Avocat de profession, Hervé Lassemillante a lutté aux côtés de Fernand Mandarin et a même fondé le Comité social Chagossien en 1995 afin que les natifs de l’archipel puissent avoir le droit d’y retourner.
Vous aviez créé le Comité social Chagossien en 1995. Comment les choses ont-elles évolué par la suite?
Il faut comprendre qu’avec la création de ce comité, les Chagossiens n’étaient plus considérés comme des «îlois» (habitants des îles). Il fallait les lier à leur terre et j’ai trouvé juste qu’on les appelle Chagossiens. La deuxième chose, c’est que ce mouvement nous a permis de fédérer tout un chacun pour lutter pour leurs droits ; n’oublions pas que cette lutte est basée sur les droits humains. Avant mon engagement dans cette cause, les frères Sylvio et Elie Michel ont lutté pour l’obtention de documents et de compensations dans les années 1970. Celles-ci ont été payées vers 1981.
Quid de la coopération des Britanniques ?
Rien que pour obtenir une copie de la loi régissant l’archipel, qui est un territoire britannique, il a fallu se déplacer à Londres en 1994. Le Commissaire de la British Indian Ocean Territory de l’époque nous avait simplement dit d’aller acheter une copie. Nous sommes allés chercher dans les rues de Londres, mais rien.
Finalement, il nous a demandé de faire une requête auprès du haut-commissaire britannique… à Maurice. Nous avions fait ce voyage pour qu’il nous renvoie à Maurice ! Après six mois d’allers et venues, et d’attente, le haut-commissaire nous a remis une copie de la loi. En la lisant, nous avions compris pourquoi les Chagossiens ne pouvaient pas rentrer. L’Immigration Act de l’Angleterre était une barrière à un possible retour. De plus, dans une réponse parlementaire, la même année, la Baronne Lynda Chalker avait, au Parlement britannique, expliqué aux députés que les Chagossiens ne voulaient pas rentrer dans leurs îles car ils n’en avaient pas fait de demande.

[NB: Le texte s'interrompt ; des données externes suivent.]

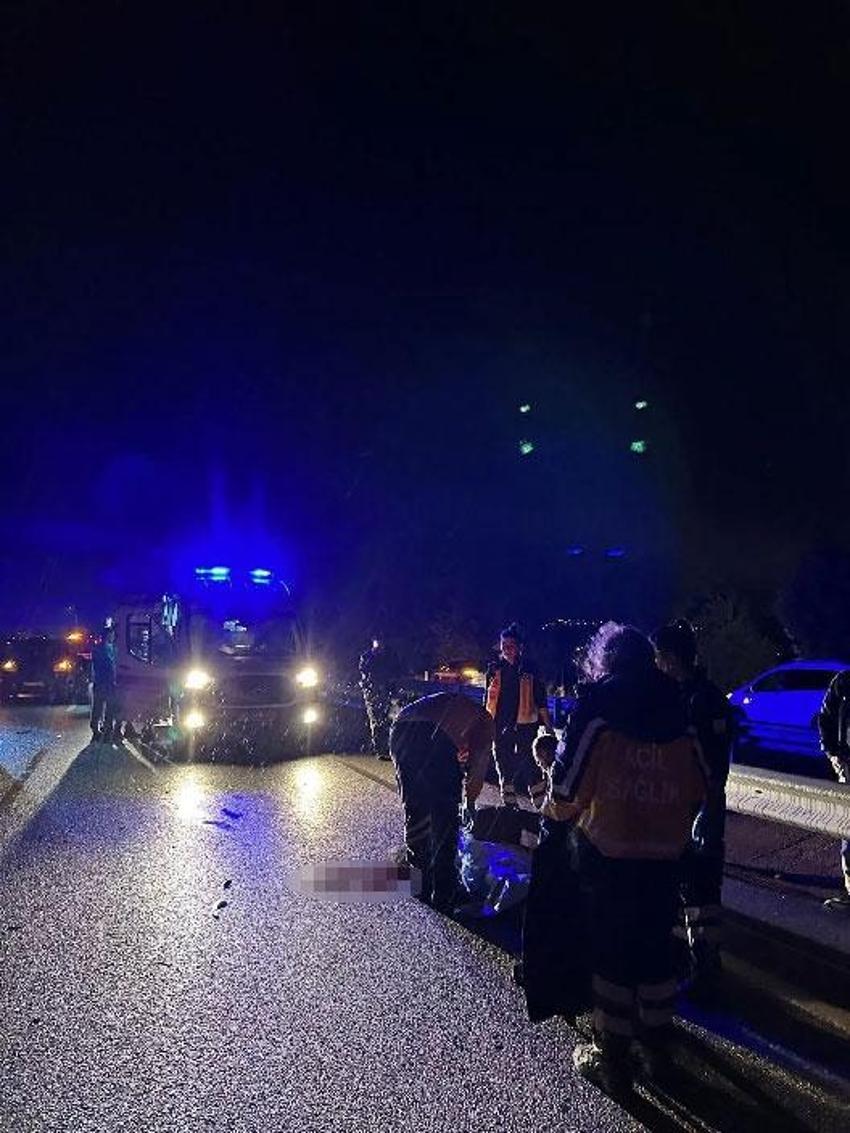 Tartışan çifte araç çarptı, geriye kalan fotoğraflar yürekleri dağladı!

Quelle a été la réaction des Chagossiens ?
Je leur ai demandé de faire une demande. Un groupe de Chagossiens a alors entamé des démarches auprès de la Haute Commission britannique à Maurice. Les premiers passeports ont été octroyés en 1996. Entre-temps, le gouvernement PTr–MMM avait pris les commandes du pays et le Comité social Chagossien avait été mis sur pied en 1995. Nous avions aussi fait une demande d’aide financière auprès du nouveau gouvernement. Mais les Anglais nous avaient tendu un piège ; je ne l’ai pas vu venir car j’étais concentré sur l’aspect «droits de l’homme» de l’affaire. Eux, voyaient plus loin.
Quel était ce piège ?
Entrer au Royaume-Uni avec un passeport britannique est un piège. Nous avons compris l’astuce lorsque le juge Asraf Caunhye, qui était à l’époque le Solicitor General, a émis un conseil. Il a stipulé que si les Chagossiens entraient en territoire britannique, avec un passeport britannique, en tant que Britanniques, cela allait «water down» les chances de Maurice pour une bataille sur la souveraineté.
Nous avions aussi décidé de ne pas entrer d’action devant la justice britannique car se rendre en Grande-Bretagne avec un passeport britannique était hors de question ; nous n’allions pas entrer dans ce piège. D’autres y sont entrés et ont accepté de se rendre sur le territoire britannique avec un passeport britannique ; leurs actions sont, aujourd’hui, financées par le Legal Aid Fund du Royaume-Uni.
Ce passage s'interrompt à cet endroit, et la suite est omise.